Als ich hinter -> Ensdon den Schreck verwunden habe, lässt ein weiterer nicht lange auf sich warten, diesmal stammt er aber eher aus dem komischen als aus dem tragischen Register: Die Erschöpfung übermannt mich, ich fahre auf einen holperig-lehmigen Feldweg, der unterhalb der Böschung der A5 entlangführt, und lege mich, da ich die Gegend für einen permanenten Schlafplatz als ungeeignet erachte, neben die kleine Hecke an der Böschung ohne Schlafsack und Luftmatratze ins spärliche Gras, um eine Weile zu schlafen. "Waaaahh!!!" Ein leichter, aber "unüberfühlbarer" Tritt in die Magengrube (!) lässt mich mit einem Schrei aufschrecken. Kein Mensch weit und breit, dafür rennt ein Hase davon, der auf der Flucht vor dem Straßenverkehr über die Hecke gesprungen und direkt auf meinem Bauch gelandet ist, von wo aus er sich mit voller Kraft weiterkatapultiert hat. So brutal bin ich noch nie geweckt worden, aber immerhin: Sowohl Hase als auch ich, wir beide hatten heute Nacht schon ungeheuer Schwein. Nach ungewöhnlich kurzer Pause habe ich von dieser Stelle die Nase voll und fahre, ständig nach geeigneten Schlafplätzen umherschauend, weiter.

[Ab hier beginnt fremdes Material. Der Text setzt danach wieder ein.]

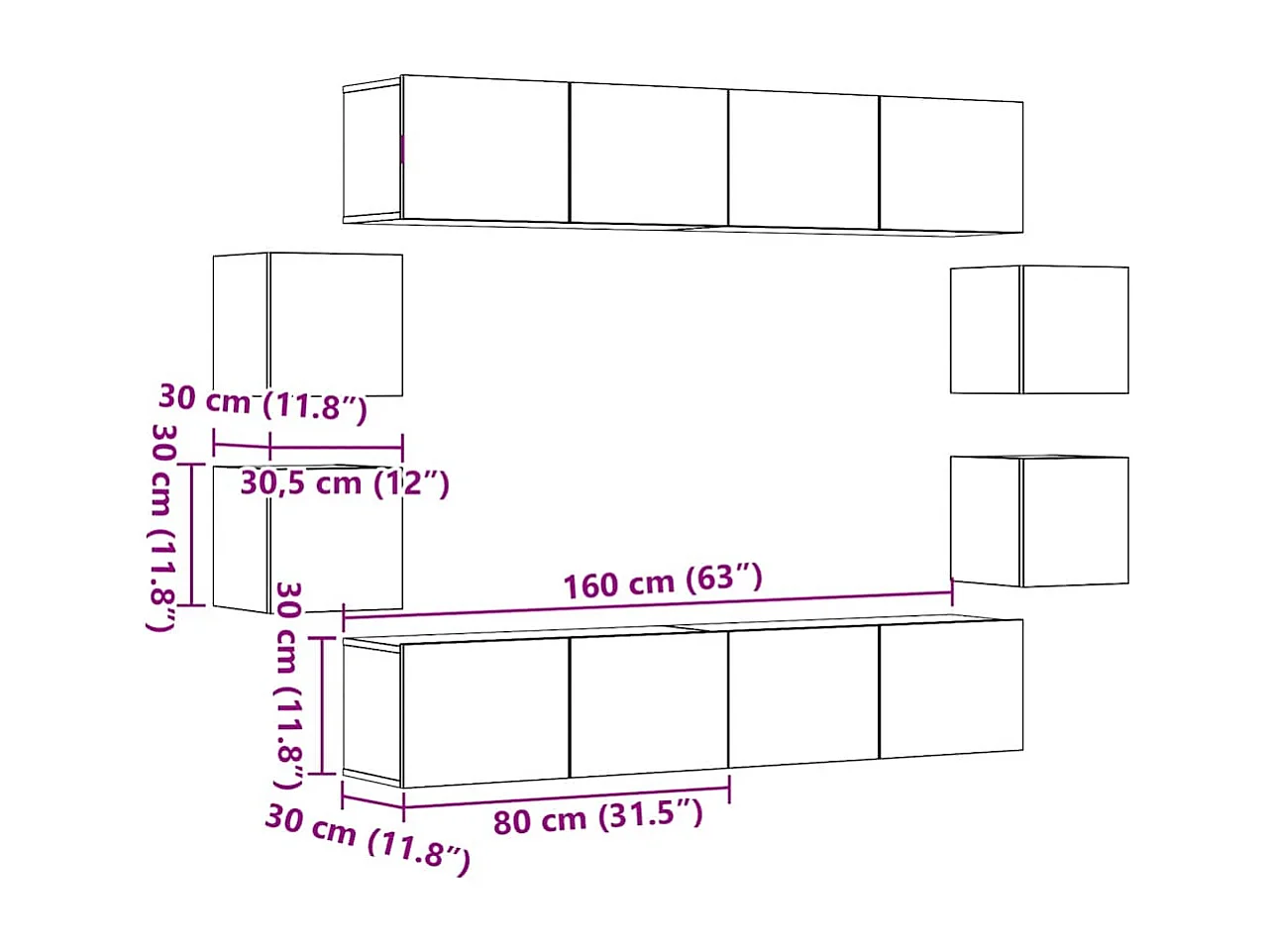 8-tlg. TV-Schrank-Set Wandmontage Altholz-Optik Holzwerkstoff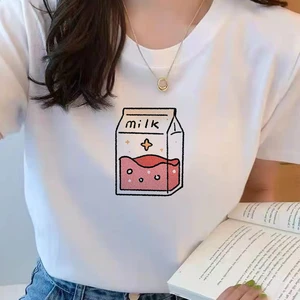 2021Cute Drink Print O-neck Harajuku Vintage Tshirt Female Aesthetic Kawaii Short Sleeve New Style White Beautiful Summer Casual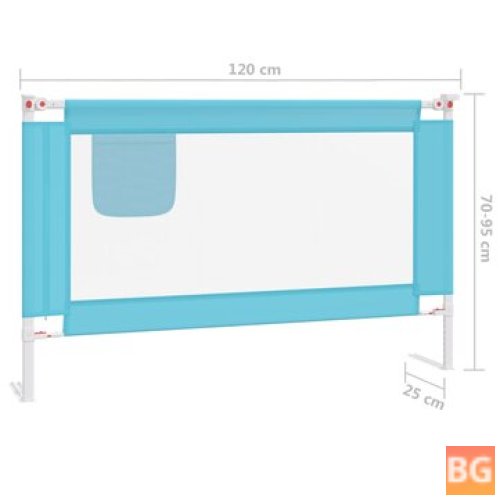 Toddler Bed Rail in Fabric Blue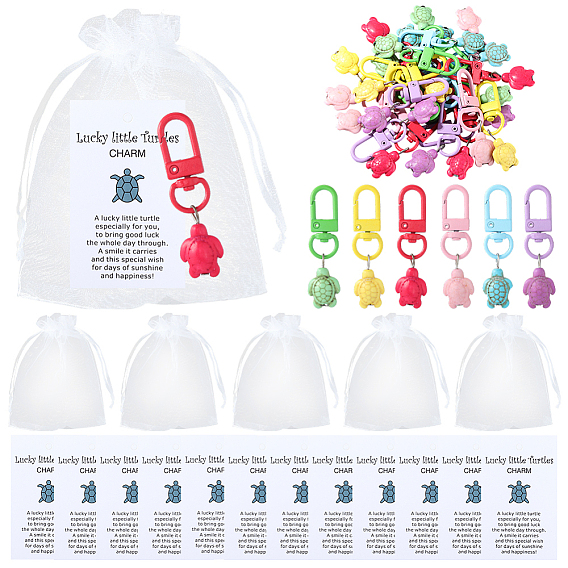 1набор брелоков из смолы, с фурнитурой из цинкового сплава, черепаха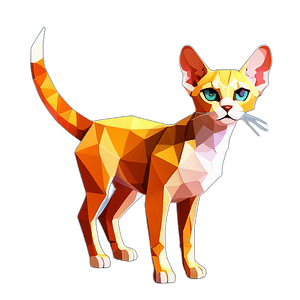 Devon Rex, Children'S Cartoon Animation Style - Full Body, Single View, No Shadow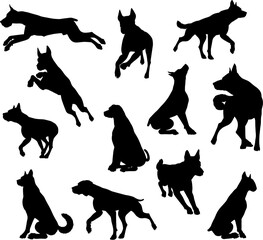 Dog Silhouettes Animal Set - obrazy, fototapety, plakaty
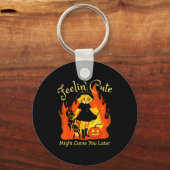 Feelin Cute Might Curse You Later Retro Witch Cat  Schlüsselanhänger (Vorderseite)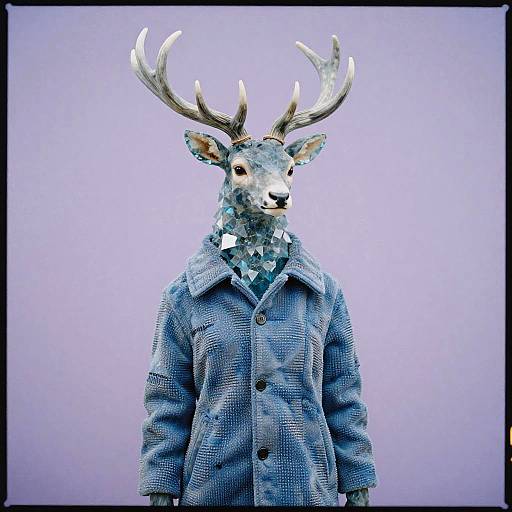 Surreal Azure Crystal Stag-Person Portrait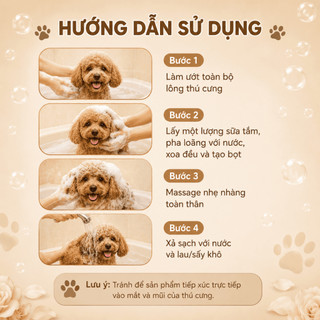 Sữa Tắm Xả Cho Chó Mèo 2in1 Louis POODLE ROSE 3-500ml Kiêm Dầu Xả Thú Cưng Chính Hãng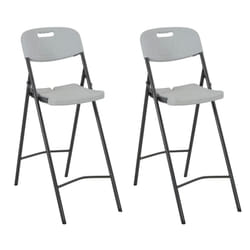 vidaXL 2x Folding Bar Chairs HDPE 45x78x114cm White Outdoor Patio Chair Seat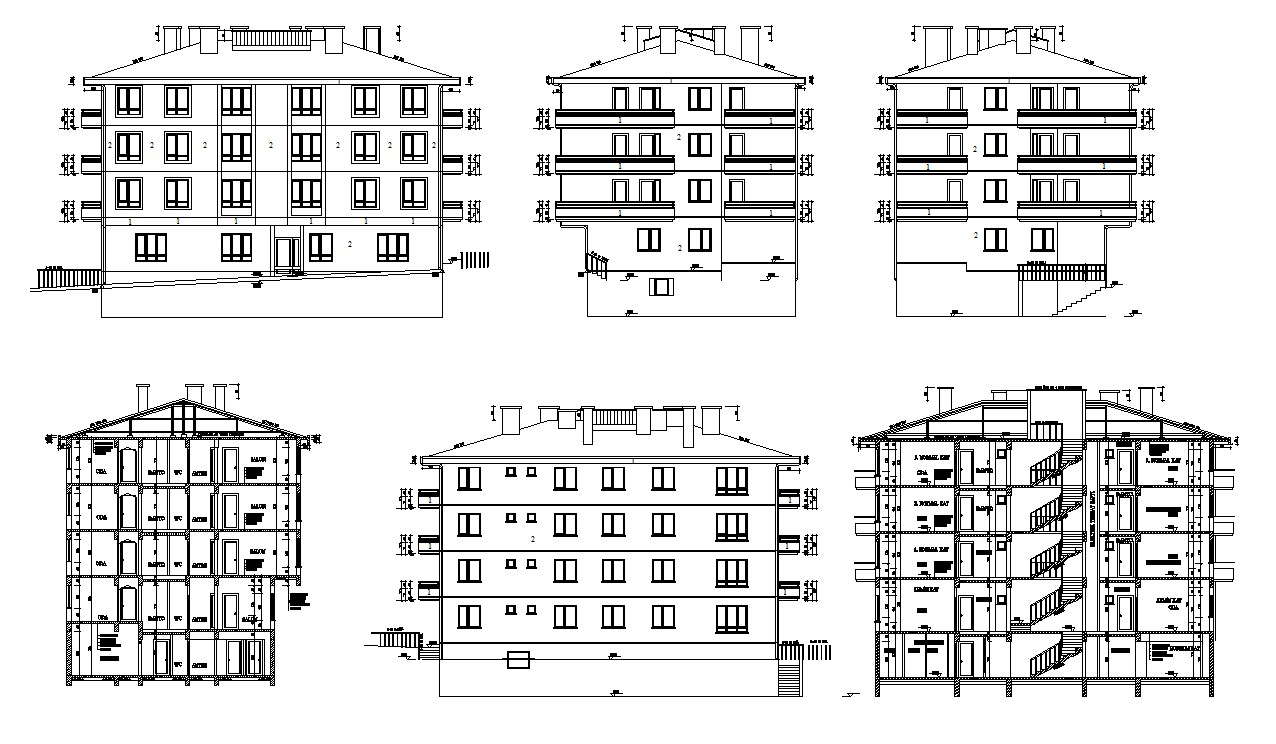Dwg file of residential apartment elevation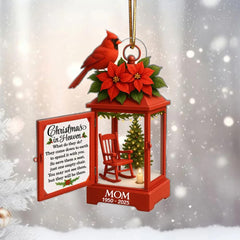 Mom memorial Christmas ornament with cardinal design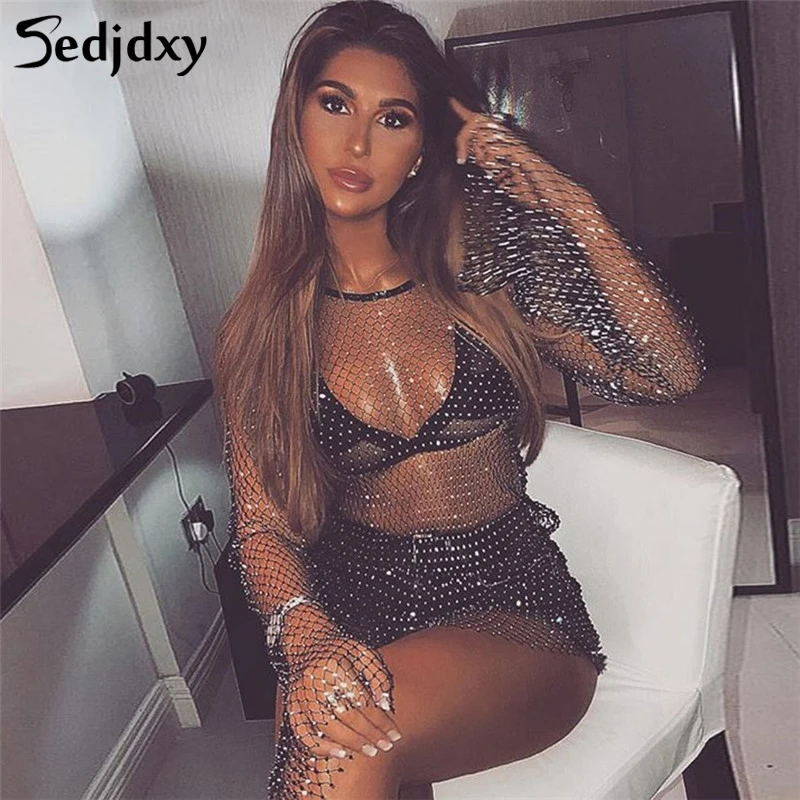 Sexy Hollow Out Club Dress Short Black White Long Sleeve See Through Summer Beach Party Dresses | Женская одежда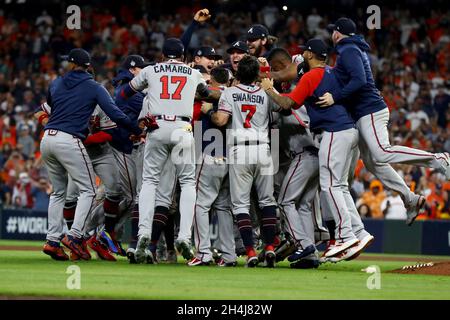 Atlanta, USA. 05th Nov, 2021. Pitcher Will Smith celebrates at a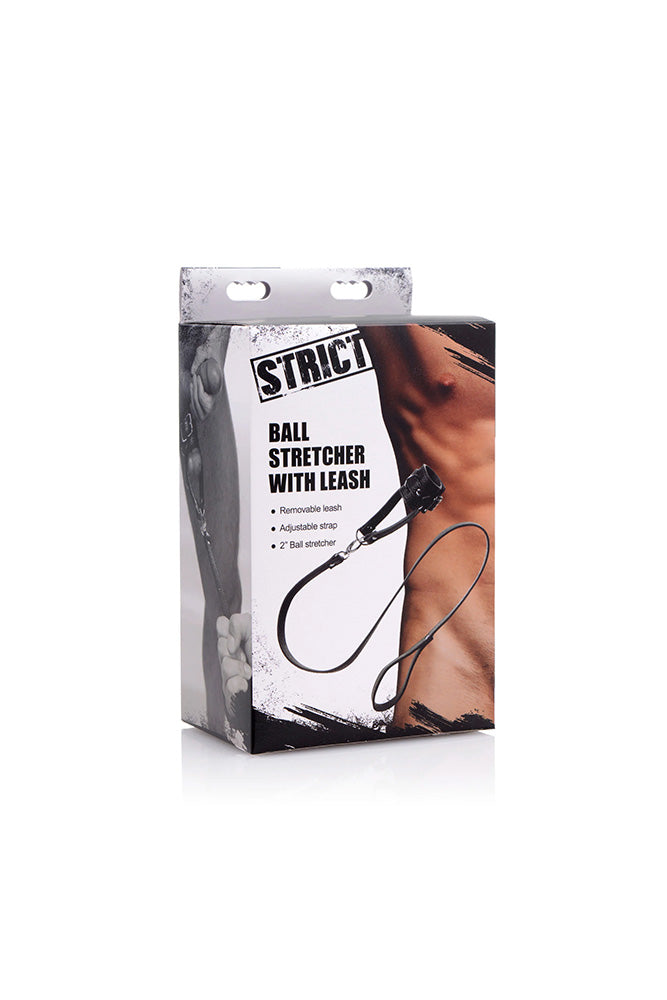 XR Brands - Strict -  Ball Stretcher With Leash - Black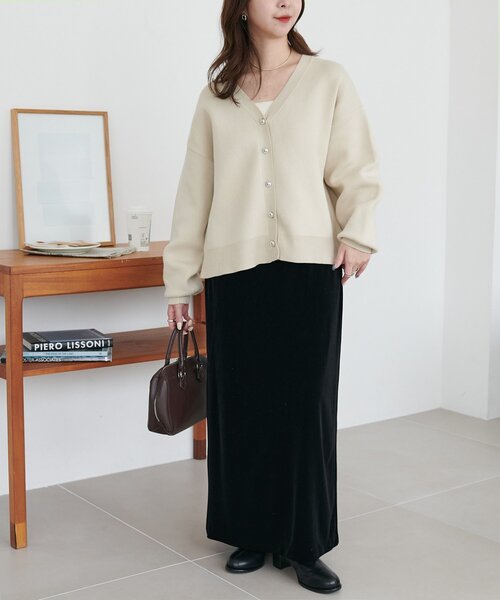 DISCOAT(ディスコート)の「メタル釦スウェットライクカーディガン(カーディガン/ボレロ・レディース・グレー/アイボリー/ブラック・FREE)」の11枚目の写真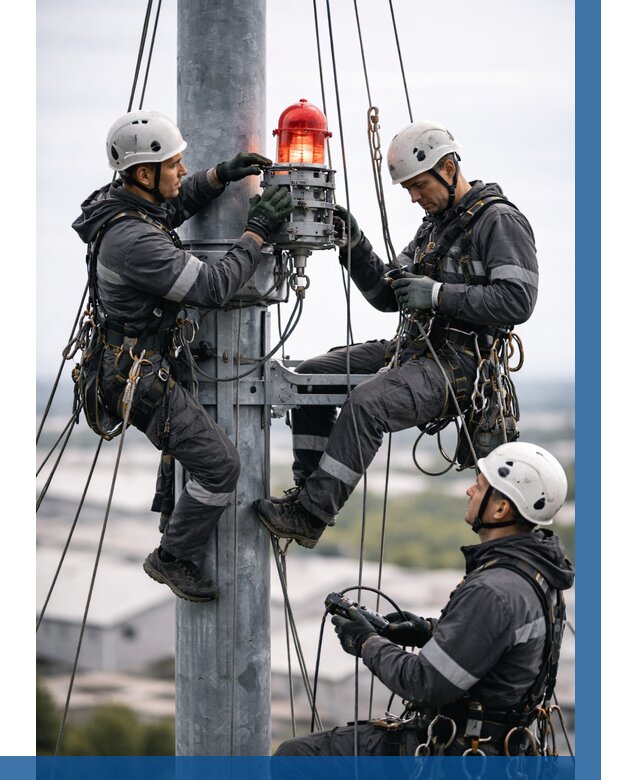 Монтаж заградительных огней в Белой Калитве от 8815 р. | ВЫСОТНИК-Бкл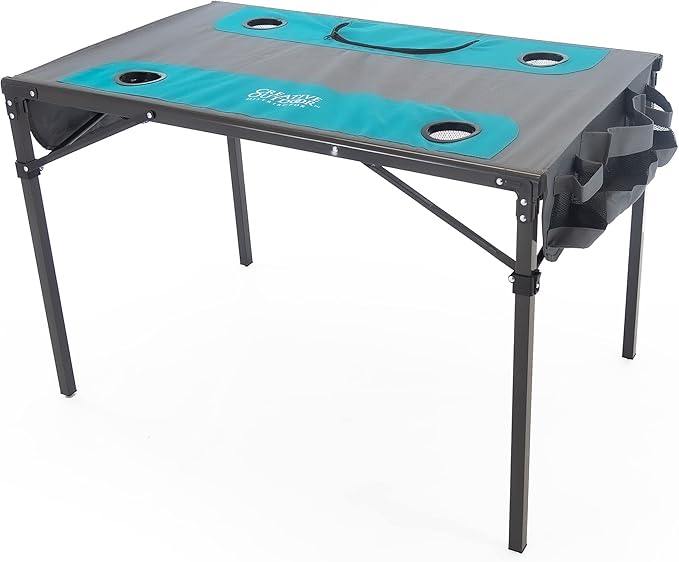 Creative Outdoors Folding Table with Built-in Cooler - Outdoor Portable Camping Table with 4 Cup Holders and Durable Steel Frame - Quality Material (Teal/Gray)-NeatNest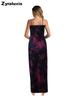 Women's Elegant Slim Fit Ruched Waist Dress Floral Print Long Gown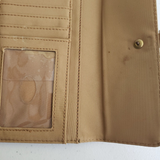 Vintage Liz Claiborne Leather Tri-Fold Wallet Clutch Credit Cards Coins Tan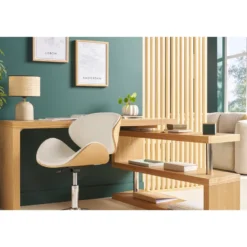 Chaise de bureau à roulettes blanc, bois clair et acier chromé walnut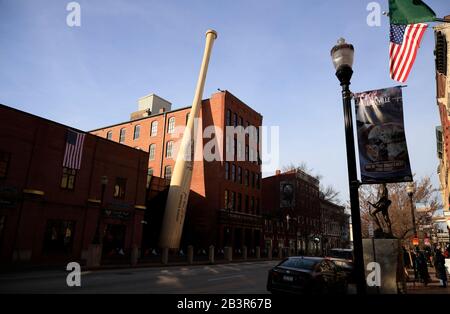 The big bat the oversized baseball bat sculpture the replica of the bat designed for Babe Ruth in the 1920s in front of Slugger museum and factory.Louisville.Kentucky.USA Stock Photo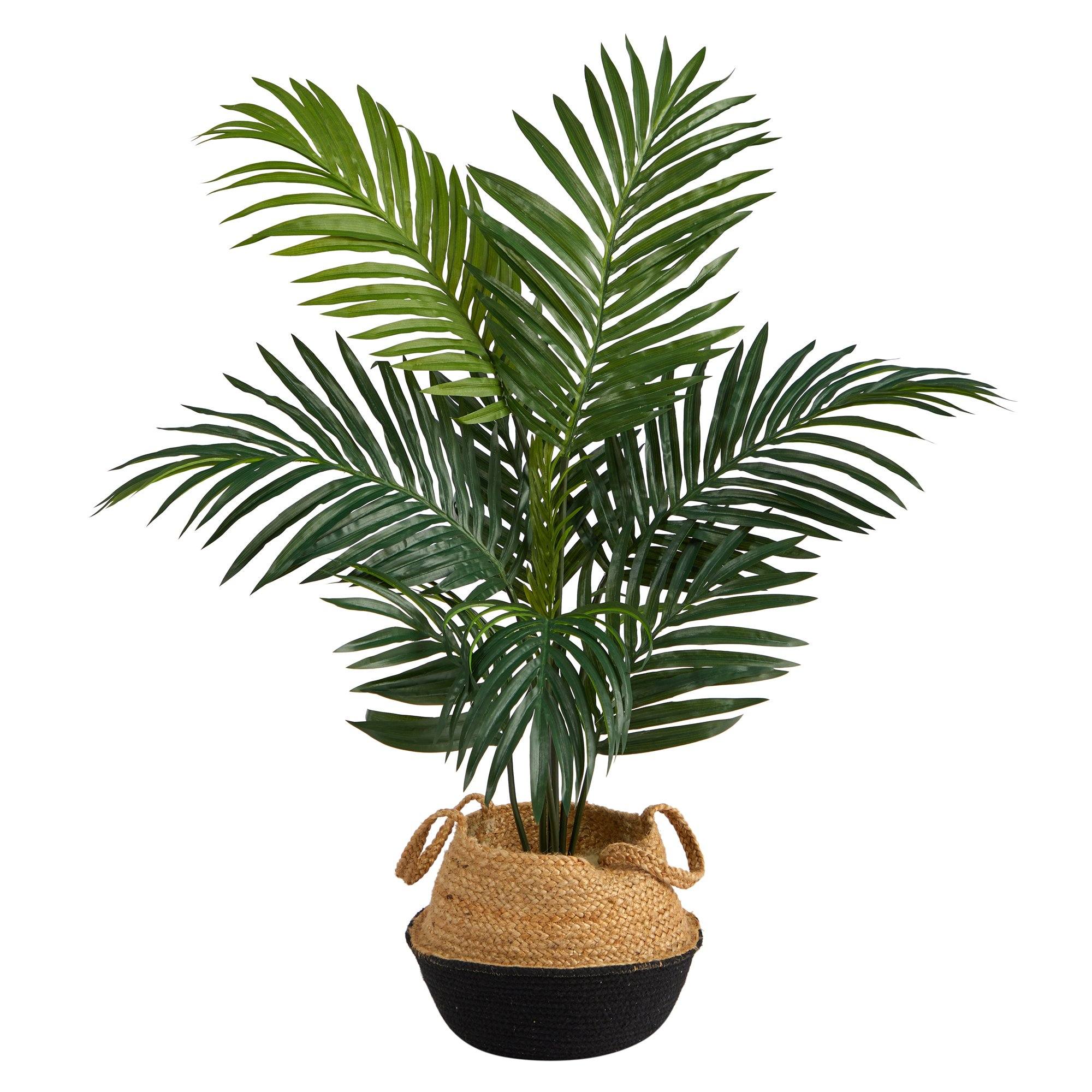 4' Kentia Palm Artificial Tree in Boho Chic Handmade Cotton & Jute Black Woven Planter - Image 2
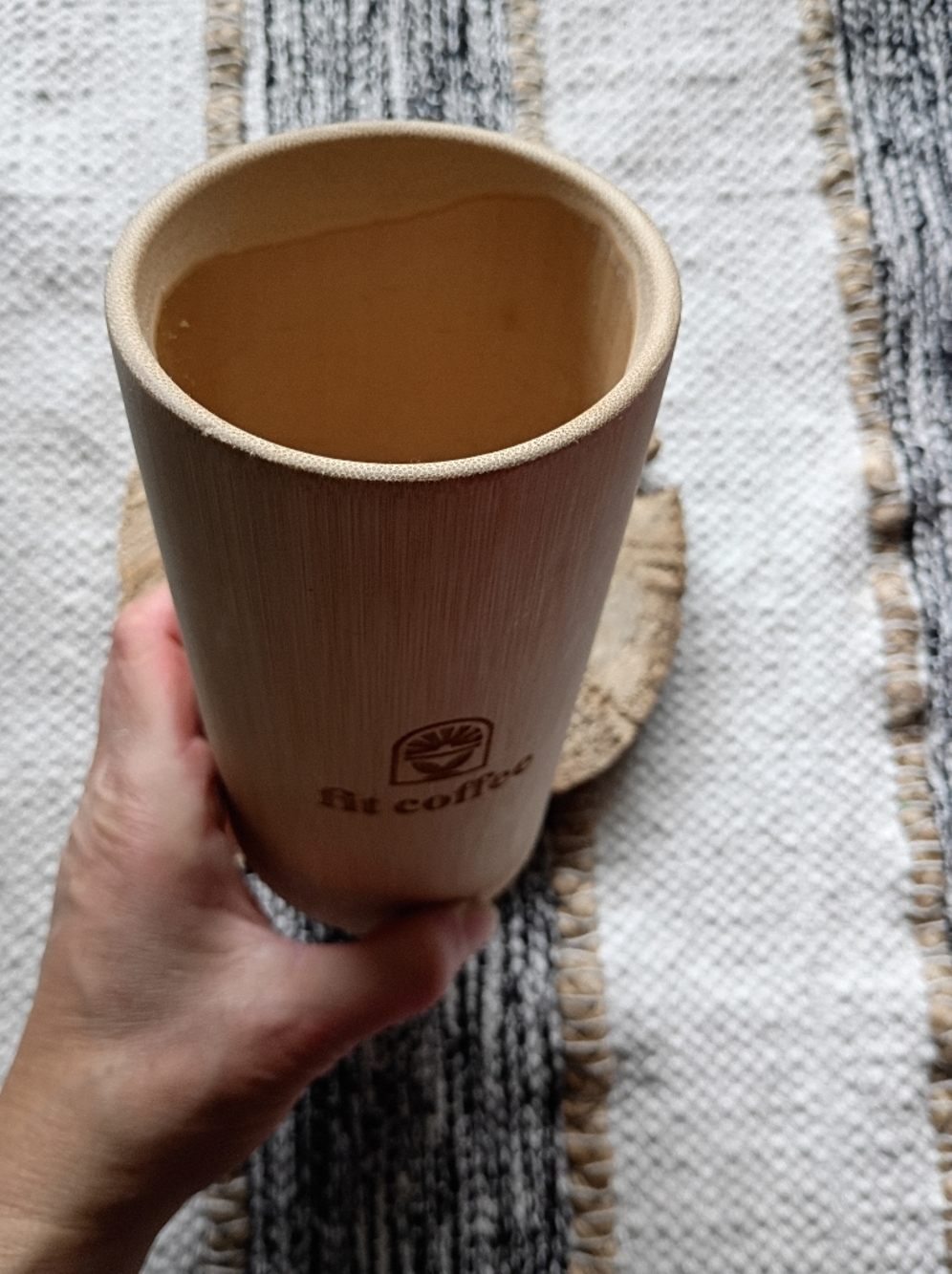 Bamboo Matcha/ Coffee Tumbler — Natural Wood Tone - Picture 3 of 7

Hinter -> Nesscliffe, an der Abzweigung nach Knockin und Kinnerley verlockt mich die Hinweistafel auf einen Campingplatz, zum ersten und einzigen Mal während meiner Zeit unterwegs wie ein halbwegs zivilisierter Mensch zu übernachten. An der Rezeption ist niemand mehr, in einem der zwei, drei deutschen Wohnwagen und Campingbusse (von denen ich mich fernhalte) brennt noch Licht, und in einem Zelt am Zaun wird noch gekocht. Ansonsten Stille bei den übrigen Wohnwagen. Ich fahre hinter den "Kochenden" an den Zaun, suche für mein Fahrrad einen festen Stand, blase die Luftmatratze eher schlaff auf und werfe, zu erschöpft zum Zeltbau, die Zeltplane über das Fahrrad und verkrieche mich daneben unter ihr, um am kommenden Morgen nicht völlig offen möglichen Frühaufstehern mit Hunden ausgesetzt zu sein. Komisch, ich fühle mich auf einem Zeltplatz weit weniger sicher als auf einem selbst ausgewählten Schlafplatz in "freier Wildbahn".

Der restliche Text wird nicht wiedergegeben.